Der Rechner schätzt die gerichtlichen Gebühren und Auslagen im ersten Rechtszug vor dem Arbeitsgericht. Er nutzt Bruttomonatsgehalt, Monatsfaktor, Zahlungsanträge, weitere Werte, den Abschluss des Verfahrens und den eigenen Kostenanteil.
Warum fragt der Rechner das Bruttomonatsgehalt ab?
Bei Kündigungsschutz, Entfristung oder anderen Bestandsschutzfragen hängt der Streitwert häufig am Monatsverdienst. Der Rechner begrenzt diesen Bestandsschutzwert auf drei Monatsgehälter und addiert nur separat eingegebene Zusatzwerte.

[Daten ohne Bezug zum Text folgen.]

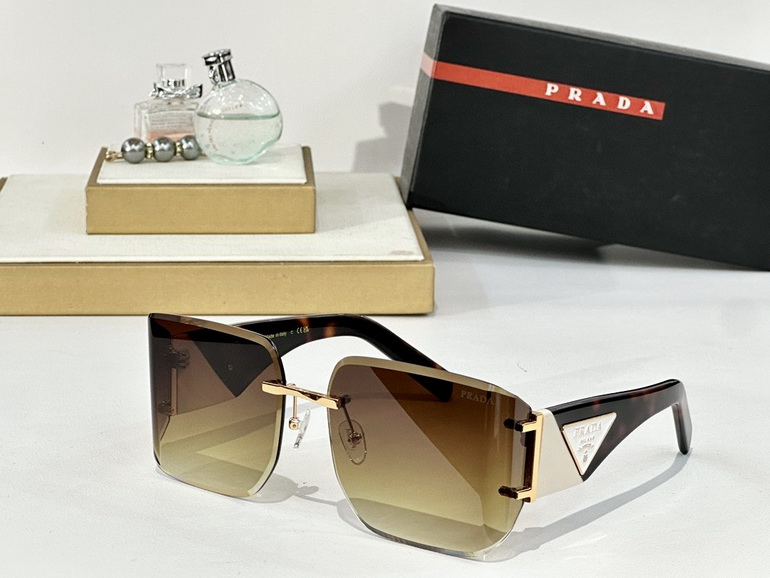 PRADA Sunglasses(AAAA)-898
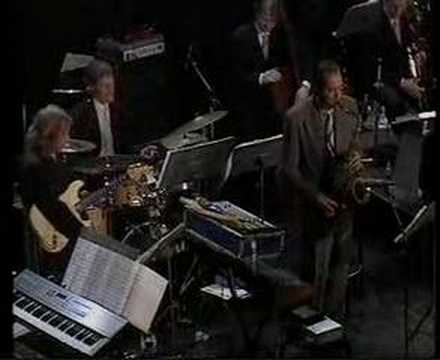 Tolvan BB Michael Brecker Anders Chico Lindvall Sy...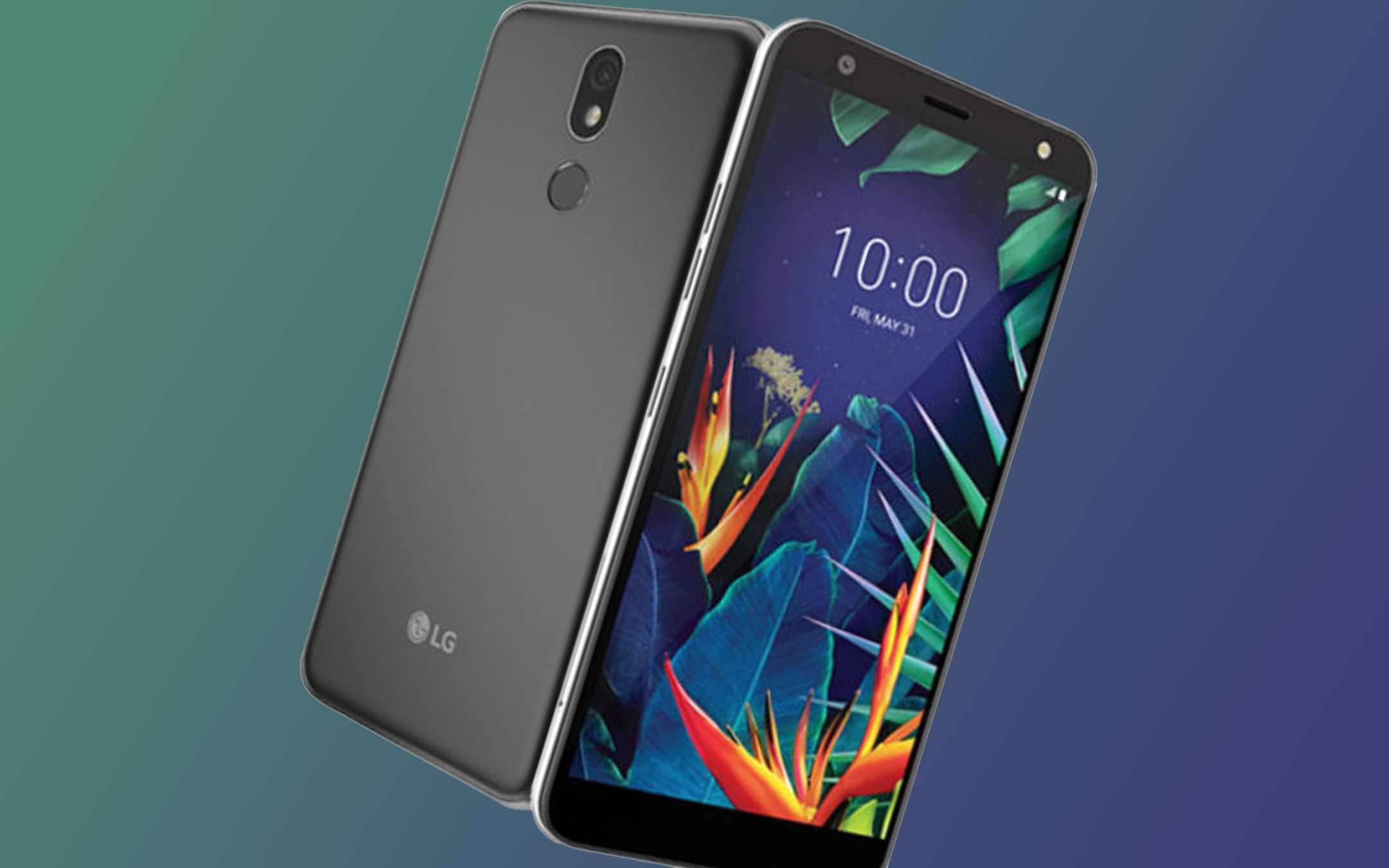 LG K40: Android Pie è in arrivo in Italia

Welche GKG-Tabelle nutzt der Rechner?
Der Rechner nutzt die einfache Gebühr nach § 34 GKG und Anlage 2 GKG in der Fassung ab 01.06.2025. Daraus wird mit dem arbeitsgerichtlichen Gebührenfaktor die Verfahrensgebühr berechnet.
Wann gilt der Faktor 2,0?
KV 8210 GKG nennt für das Urteilsverfahren im ersten Rechtszug vor dem Arbeitsgericht eine 2,0-Gebühr für das Verfahren im Allgemeinen. Diese Stufe passt für eine streitige Entscheidung oder einen Verlauf, bei dem keine Ermäßigung greift.
Wann kann die Gebühr auf 0,4 sinken?
KV 8211 GKG ermäßigt die Gebühr auf 0,4, wenn die dort genannten Voraussetzungen eines ermäßigten Abschlusses erfüllt sind. Der Rechner trennt diese Stufe von einem vollständigen Entfallen der Verfahrensgebühr.
Wann entfallen Gerichtskosten vor dem Arbeitsgericht?
Die Verfahrensgebühr kann entfallen, wenn das gesamte Verfahren ohne streitige Verhandlung und ohne die relevanten streitigen Entscheidungen endet. Gerichtliche Auslagen können trotzdem übrig bleiben, deshalb zeigt der Rechner sie separat.
Warum steht der Gerichtskostenvorschuss bei 0 €?
Für die arbeitsgerichtliche Klage wird kein zivilprozessualer Gerichtskostenvorschuss als Startzahlung modelliert. Das bedeutet nicht, dass am Ende keine Gerichtskosten oder Auslagen entstehen können.
Was bedeutet § 12a ArbGG in dieser Rechnung?
§ 12a ArbGG betrifft im ersten Rechtszug vor allem die eigenen Anwaltskosten. Auch wer gewinnt, bekommt diese Kosten grundsätzlich nicht vom Gegner ersetzt. Der Rechner bleibt deshalb bewusst bei Gerichtskosten und zeigt Anwaltskosten nicht als Erstattungsposition.
Wie wähle ich den eigenen Kostenanteil?
Der Kostenanteil sollte zur Kostenentscheidung oder zur Vergleichsregelung passen. Bei einer hälftigen Teilung sind 50 % plausibel. Bei vollständigem Unterliegen oder Übernahme der Gerichtskosten können 100 % richtig sein.
Wann reicht die Online-Schätzung nicht aus?
Eine Prüfung bleibt nötig bei mehreren Anträgen, Teilvergleichen, mehreren Klägern, Prozesskostenhilfe, festgesetztem Streitwert, Sachverständigenkosten, Berufung oder wenn Gericht und Parteien eine besondere Kostenregelung getroffen haben.